The amino acids that form the building blocks of life come in two forms, a left hand form and a right hand form, but nearly all living organisms only use the left hand form. Now, there's a chemical explanation for how that could have happened.

NPR's Joe Palca explains.

JOE PALCA reporting:

Left hand amino acids and right hand amino acids have all the same ingredients, but they differ in one important quality: their three-dimensional structure. They are mirror images of one another and structure is important; think about it. Your left hand is made of the same muscles, bones, and tendons as your right hand, but try to put a left hand glove on your right hand. Doesn't work.

Everything in your body is designed to work with left-handed amino acids. If you were plopped down in a right-handed world, a world where all your body could get was right handed amino acids, you'd die.

Now, it's assumed that the soup of chemicals sloshing around on earth before life evolved had equal amounts of the left and the right; so how did we wind up on the left? Chris Welsh(ph) is a chemist at the pharmaceutical company Merck. He's been thinking about this right hand, left hand business for years.

Mr. CHRIS WELSH (Chemist, Merck Pharmaceuticals): There's a lot of debate and speculation of could it - did it necessarily go that way, or could it have gone to the right handed amino acid world. And, of course, it's a question that you can't really answer experimentally, but people have debated that for quite some time.

PALCA: About 50 years ago a British physicist named Charles Frank wrote a paper suggesting it just might be possible to imagine the primordial circumstances where one form would win out over the other.

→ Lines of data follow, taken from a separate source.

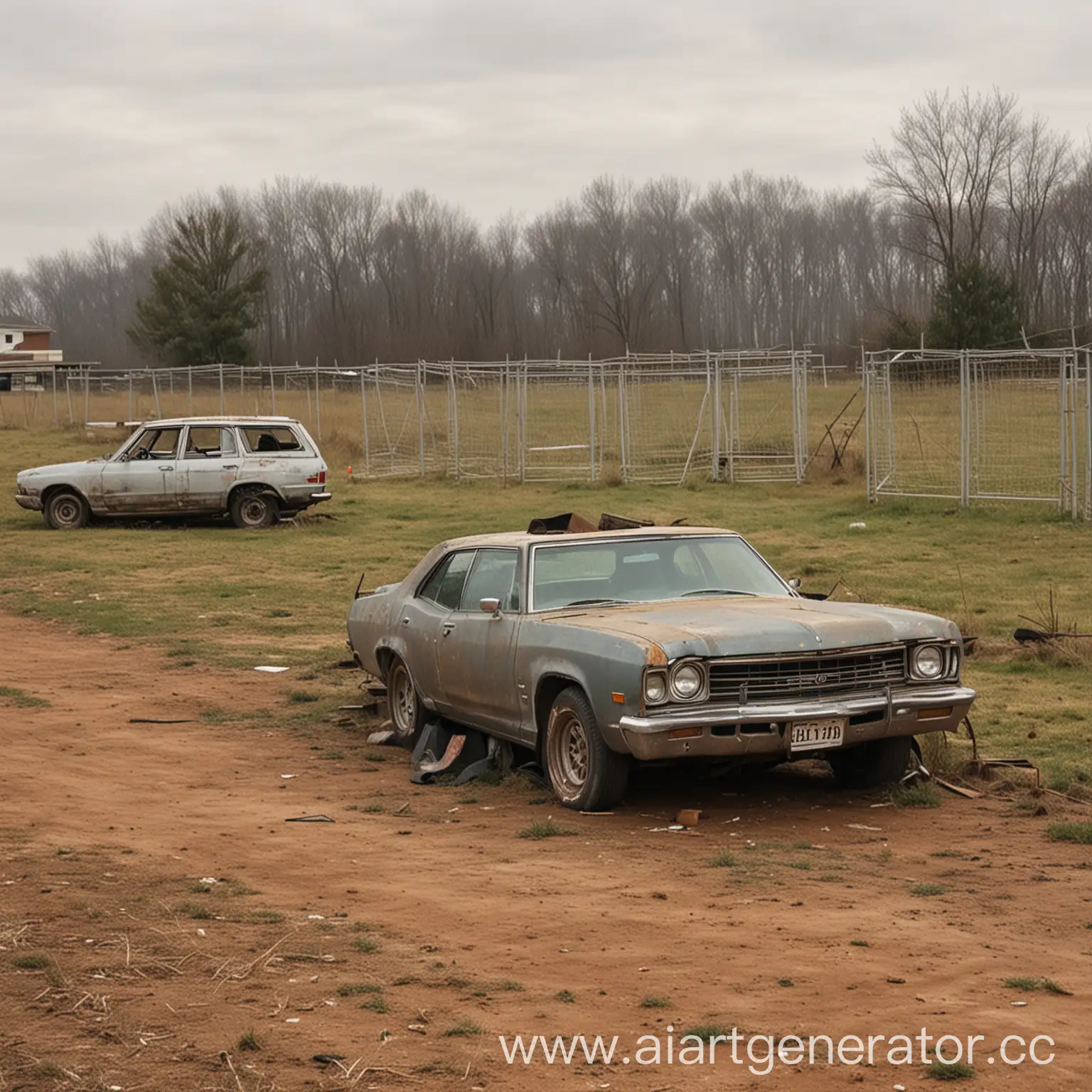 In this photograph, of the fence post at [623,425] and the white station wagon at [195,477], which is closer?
the white station wagon at [195,477]

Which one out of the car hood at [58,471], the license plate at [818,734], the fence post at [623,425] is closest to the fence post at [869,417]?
the fence post at [623,425]

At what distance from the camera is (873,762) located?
334 inches

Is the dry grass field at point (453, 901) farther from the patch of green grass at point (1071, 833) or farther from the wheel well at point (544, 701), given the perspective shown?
the wheel well at point (544, 701)

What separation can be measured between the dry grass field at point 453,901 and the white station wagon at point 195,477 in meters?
11.2

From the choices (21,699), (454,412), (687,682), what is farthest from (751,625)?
(454,412)

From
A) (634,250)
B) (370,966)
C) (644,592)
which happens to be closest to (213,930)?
(370,966)

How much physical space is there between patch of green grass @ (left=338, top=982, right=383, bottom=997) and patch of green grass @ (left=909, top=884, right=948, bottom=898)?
2.42m

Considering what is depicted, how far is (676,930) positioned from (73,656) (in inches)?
365

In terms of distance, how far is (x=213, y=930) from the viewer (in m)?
5.76

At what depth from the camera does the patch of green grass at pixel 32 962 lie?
17.0 feet

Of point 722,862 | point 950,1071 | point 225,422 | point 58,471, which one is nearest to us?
point 950,1071

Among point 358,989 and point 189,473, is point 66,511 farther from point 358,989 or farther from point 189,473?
point 358,989

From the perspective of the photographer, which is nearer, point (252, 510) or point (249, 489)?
point (249, 489)

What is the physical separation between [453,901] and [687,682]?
179cm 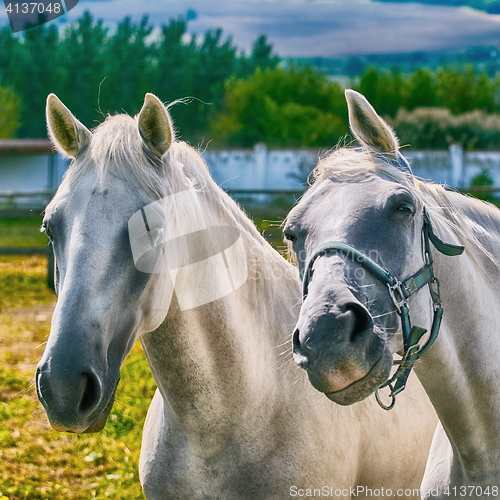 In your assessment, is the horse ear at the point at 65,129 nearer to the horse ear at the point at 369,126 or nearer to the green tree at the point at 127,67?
the horse ear at the point at 369,126

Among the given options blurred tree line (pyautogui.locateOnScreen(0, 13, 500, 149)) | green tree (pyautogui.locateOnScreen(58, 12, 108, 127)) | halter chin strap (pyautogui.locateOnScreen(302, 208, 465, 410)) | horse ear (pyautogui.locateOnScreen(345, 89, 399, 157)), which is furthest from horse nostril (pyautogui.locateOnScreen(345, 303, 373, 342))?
green tree (pyautogui.locateOnScreen(58, 12, 108, 127))

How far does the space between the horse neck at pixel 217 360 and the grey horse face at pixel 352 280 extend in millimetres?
481

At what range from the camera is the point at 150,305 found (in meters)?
2.10

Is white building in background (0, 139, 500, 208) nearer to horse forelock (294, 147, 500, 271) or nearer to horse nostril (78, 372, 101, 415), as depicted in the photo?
horse forelock (294, 147, 500, 271)

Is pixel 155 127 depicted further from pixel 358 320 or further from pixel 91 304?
pixel 358 320

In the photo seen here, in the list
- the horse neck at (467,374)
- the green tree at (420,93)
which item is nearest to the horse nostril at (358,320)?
the horse neck at (467,374)

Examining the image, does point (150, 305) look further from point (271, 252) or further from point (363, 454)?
point (363, 454)

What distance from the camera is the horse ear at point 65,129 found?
2.25 metres

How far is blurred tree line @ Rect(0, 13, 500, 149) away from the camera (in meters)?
43.7

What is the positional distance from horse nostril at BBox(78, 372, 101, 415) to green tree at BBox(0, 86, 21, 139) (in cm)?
4633

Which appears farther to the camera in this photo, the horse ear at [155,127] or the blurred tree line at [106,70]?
the blurred tree line at [106,70]

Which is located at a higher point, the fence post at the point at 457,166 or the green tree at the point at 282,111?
the fence post at the point at 457,166

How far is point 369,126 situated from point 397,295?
2.22ft

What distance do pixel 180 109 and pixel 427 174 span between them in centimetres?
3262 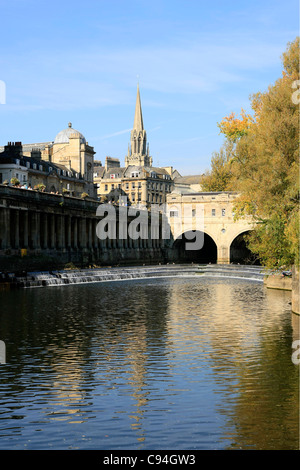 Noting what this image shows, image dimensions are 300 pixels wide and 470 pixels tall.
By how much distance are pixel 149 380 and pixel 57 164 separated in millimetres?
116078

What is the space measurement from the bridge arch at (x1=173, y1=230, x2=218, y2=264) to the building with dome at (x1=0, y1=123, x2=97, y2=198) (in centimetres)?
2134

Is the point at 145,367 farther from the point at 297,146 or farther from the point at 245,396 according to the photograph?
the point at 297,146

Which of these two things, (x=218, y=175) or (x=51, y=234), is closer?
(x=51, y=234)

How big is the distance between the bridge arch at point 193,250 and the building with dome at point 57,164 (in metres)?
21.3

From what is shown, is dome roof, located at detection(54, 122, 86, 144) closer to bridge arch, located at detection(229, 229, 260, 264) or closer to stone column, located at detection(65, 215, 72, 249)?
bridge arch, located at detection(229, 229, 260, 264)

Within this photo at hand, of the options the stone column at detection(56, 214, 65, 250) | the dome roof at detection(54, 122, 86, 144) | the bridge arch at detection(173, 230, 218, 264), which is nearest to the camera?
the stone column at detection(56, 214, 65, 250)

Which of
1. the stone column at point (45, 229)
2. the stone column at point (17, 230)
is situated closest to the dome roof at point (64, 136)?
the stone column at point (45, 229)

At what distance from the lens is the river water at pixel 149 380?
1386 centimetres

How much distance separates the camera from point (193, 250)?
130m

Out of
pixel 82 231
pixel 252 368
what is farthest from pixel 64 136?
pixel 252 368

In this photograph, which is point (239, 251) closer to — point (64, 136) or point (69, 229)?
point (69, 229)

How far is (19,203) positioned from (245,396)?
2107 inches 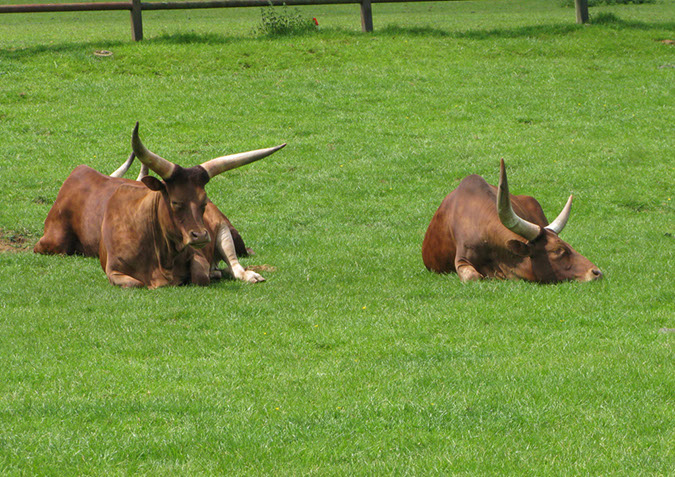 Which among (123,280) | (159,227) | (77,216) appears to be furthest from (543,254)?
(77,216)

Donna Blackmond is a chemistry professor at Imperial College, London. She says that paper had a huge impact on her research.

Professor DONNA BLACKMOND (Professor of Chemistry, Imperial College, London): It was a purely theoretical paper; in the last sentence, the guy said an experimental demonstration may not be impossible. And so that's a challenge to any red-blooded chemist. You got to go in the lab and find it if the theory says it should be there.

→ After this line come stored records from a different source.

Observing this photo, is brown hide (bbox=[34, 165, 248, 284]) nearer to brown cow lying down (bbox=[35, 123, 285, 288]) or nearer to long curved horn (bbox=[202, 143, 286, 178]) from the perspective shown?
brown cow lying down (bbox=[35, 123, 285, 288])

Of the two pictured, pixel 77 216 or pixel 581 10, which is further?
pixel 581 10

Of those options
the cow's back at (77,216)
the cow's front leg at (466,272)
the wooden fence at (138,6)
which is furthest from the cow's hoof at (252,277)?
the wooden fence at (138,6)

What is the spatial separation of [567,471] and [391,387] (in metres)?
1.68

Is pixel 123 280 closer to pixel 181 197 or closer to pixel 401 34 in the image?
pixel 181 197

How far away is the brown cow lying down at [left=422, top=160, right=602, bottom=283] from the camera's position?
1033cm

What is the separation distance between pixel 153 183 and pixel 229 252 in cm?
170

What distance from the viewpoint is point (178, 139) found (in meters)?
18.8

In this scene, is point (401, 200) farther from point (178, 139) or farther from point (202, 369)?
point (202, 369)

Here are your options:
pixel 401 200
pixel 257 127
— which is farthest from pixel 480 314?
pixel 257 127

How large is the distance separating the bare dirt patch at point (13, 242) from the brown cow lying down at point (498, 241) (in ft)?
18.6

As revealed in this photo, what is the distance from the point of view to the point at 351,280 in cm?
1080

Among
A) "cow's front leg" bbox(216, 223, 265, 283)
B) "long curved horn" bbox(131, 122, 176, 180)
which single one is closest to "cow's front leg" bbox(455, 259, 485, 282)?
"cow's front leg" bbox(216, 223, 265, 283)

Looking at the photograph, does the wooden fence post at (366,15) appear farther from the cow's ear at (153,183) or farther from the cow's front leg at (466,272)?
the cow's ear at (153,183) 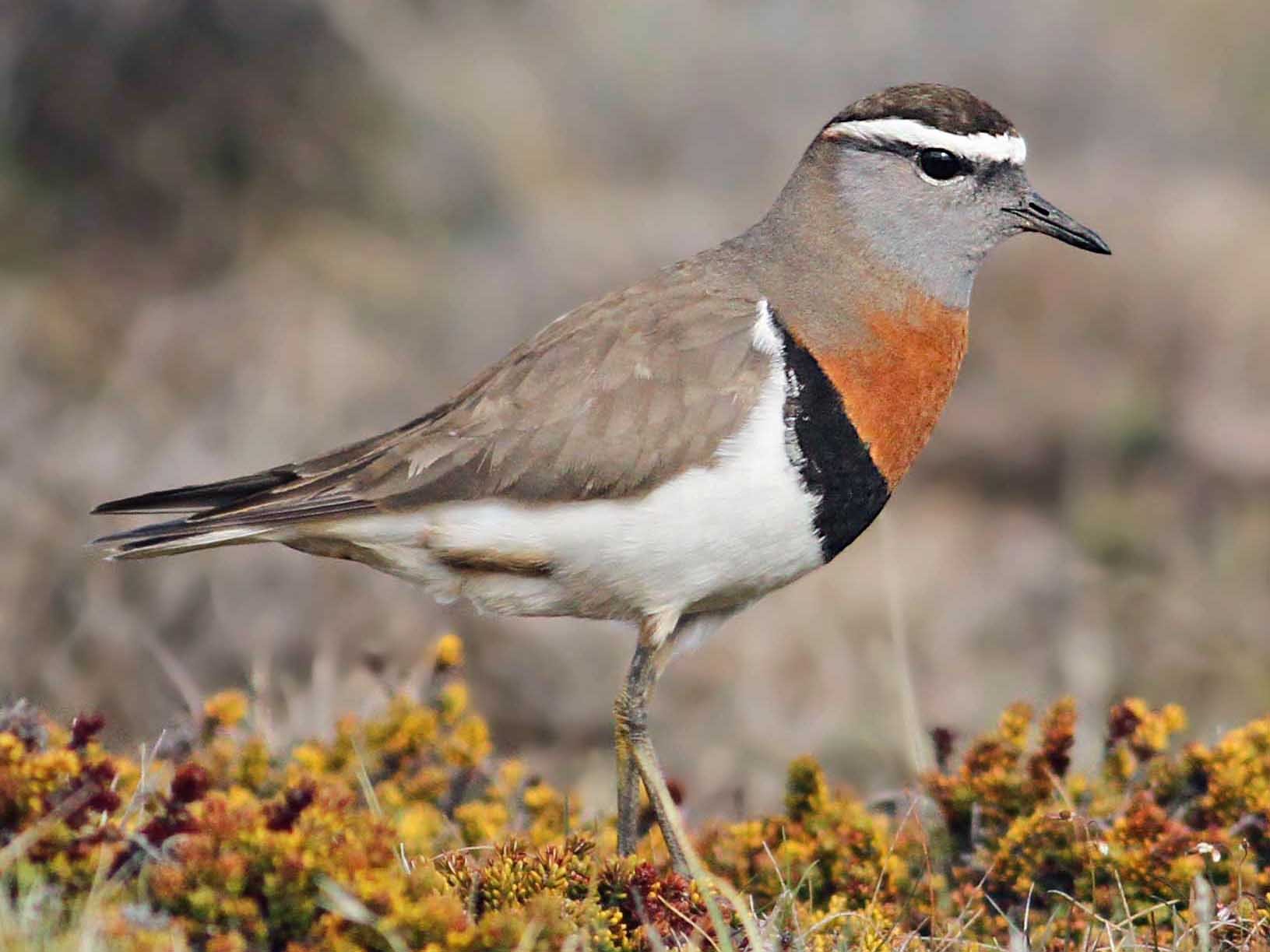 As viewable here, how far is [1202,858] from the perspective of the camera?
434 centimetres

PALCA: Blackmond says a team of Japanese chemists came up with a solution, but Blackmond didn't feel it really explained what happened on earth billions of years ago, so she and her colleagues kept working.

They found that so long as there was the tiniest imbalance between left and right forms in a mixture of amino acids, there were times when the soup would become richer in one form or the other. But, Blackmond says, they didn't really understand why.

Prof. BLACKMOND: Just last summer my one (unintelligible) doc walked in my office and said you know I think I know what's going on.

PALCA: Blackmond and her colleagues realized there were two key factors. One was which amino acid they used in their experiments, the other had to do with the relationship between the amount of amino acid that was dissolved in the soup versus the amount that had formed crystals as the soup evaporated.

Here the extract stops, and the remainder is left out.